● Task: Only one span of the material below is wanted. Output it exactly, from the line with "The dog takes the cat, the" through the line with "Let's start with", without any pictures.

::: Study material :::

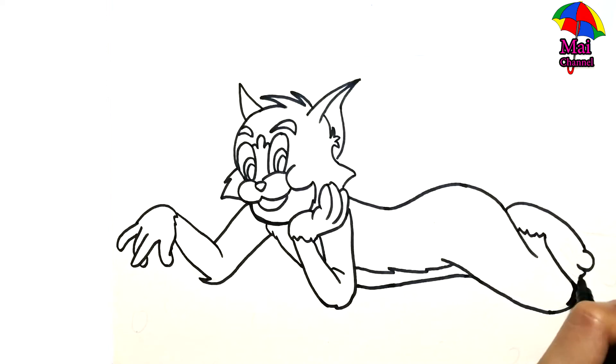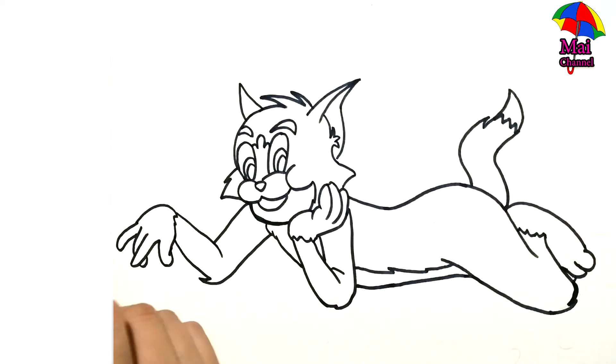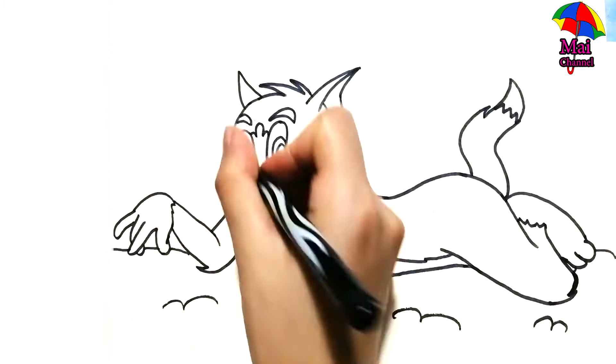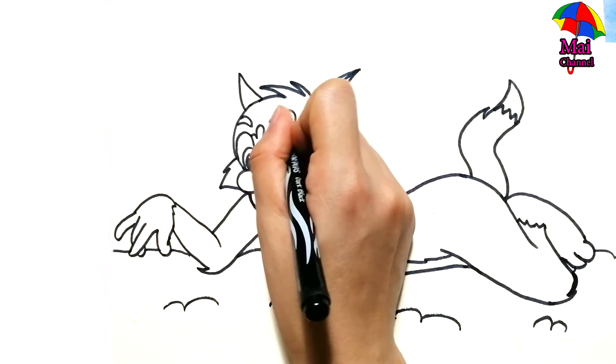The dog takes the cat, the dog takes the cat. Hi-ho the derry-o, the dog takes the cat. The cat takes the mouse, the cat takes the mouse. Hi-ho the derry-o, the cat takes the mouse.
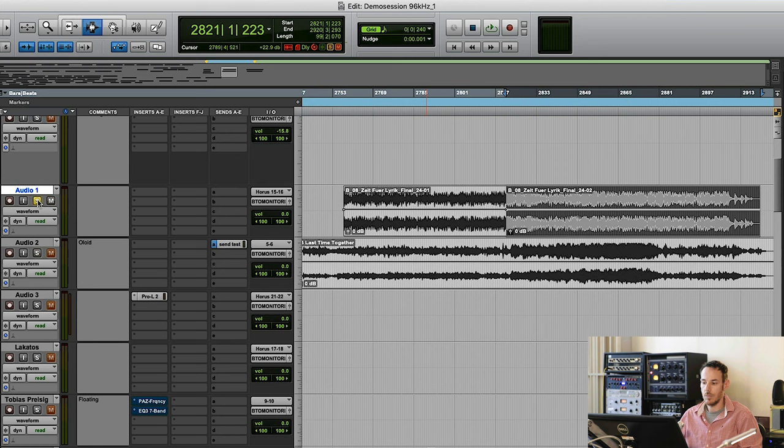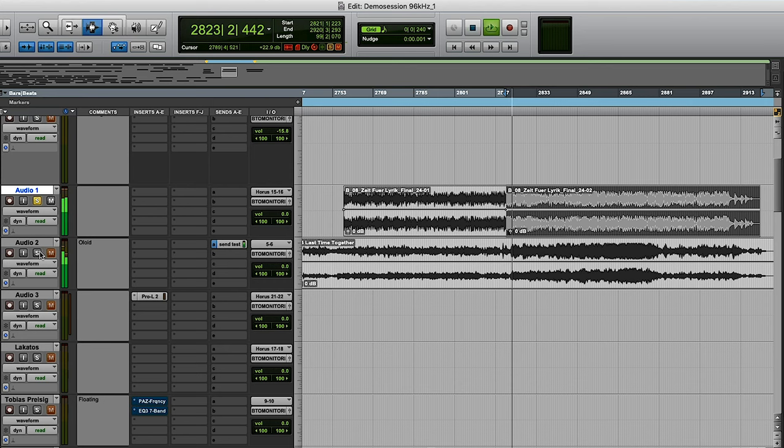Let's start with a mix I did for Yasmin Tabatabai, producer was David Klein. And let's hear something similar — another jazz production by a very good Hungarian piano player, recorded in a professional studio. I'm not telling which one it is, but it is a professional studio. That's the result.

:::
::: Study material :::

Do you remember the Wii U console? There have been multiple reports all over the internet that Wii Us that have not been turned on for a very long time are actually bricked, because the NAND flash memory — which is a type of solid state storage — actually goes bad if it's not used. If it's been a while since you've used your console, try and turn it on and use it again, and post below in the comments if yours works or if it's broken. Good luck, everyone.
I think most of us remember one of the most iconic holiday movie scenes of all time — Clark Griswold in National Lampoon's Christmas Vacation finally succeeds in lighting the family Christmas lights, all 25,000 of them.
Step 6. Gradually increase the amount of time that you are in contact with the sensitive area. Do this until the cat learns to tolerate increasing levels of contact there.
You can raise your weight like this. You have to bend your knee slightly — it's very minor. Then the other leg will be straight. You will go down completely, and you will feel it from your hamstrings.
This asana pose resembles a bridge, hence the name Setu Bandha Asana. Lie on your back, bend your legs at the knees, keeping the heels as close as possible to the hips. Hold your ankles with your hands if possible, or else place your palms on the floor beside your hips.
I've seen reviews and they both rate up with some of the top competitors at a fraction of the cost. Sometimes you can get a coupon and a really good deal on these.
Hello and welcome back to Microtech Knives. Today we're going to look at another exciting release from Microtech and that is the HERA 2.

:::

● Response for this exercise:
The dog takes the cat, the dog takes the cat. Hi-ho the derry-o, the dog takes the cat. The cat takes the mouse, the cat takes the mouse. Hi-ho the derry-o, the cat takes the mouse.
Let's start with a mix I did for Yasmin Tabatabai, producer was David Klein. And let's hear something similar — another jazz production by a very good Hungarian piano player, recorded in a professional studio. I'm not telling which one it is, but it is a professional studio. That's the result.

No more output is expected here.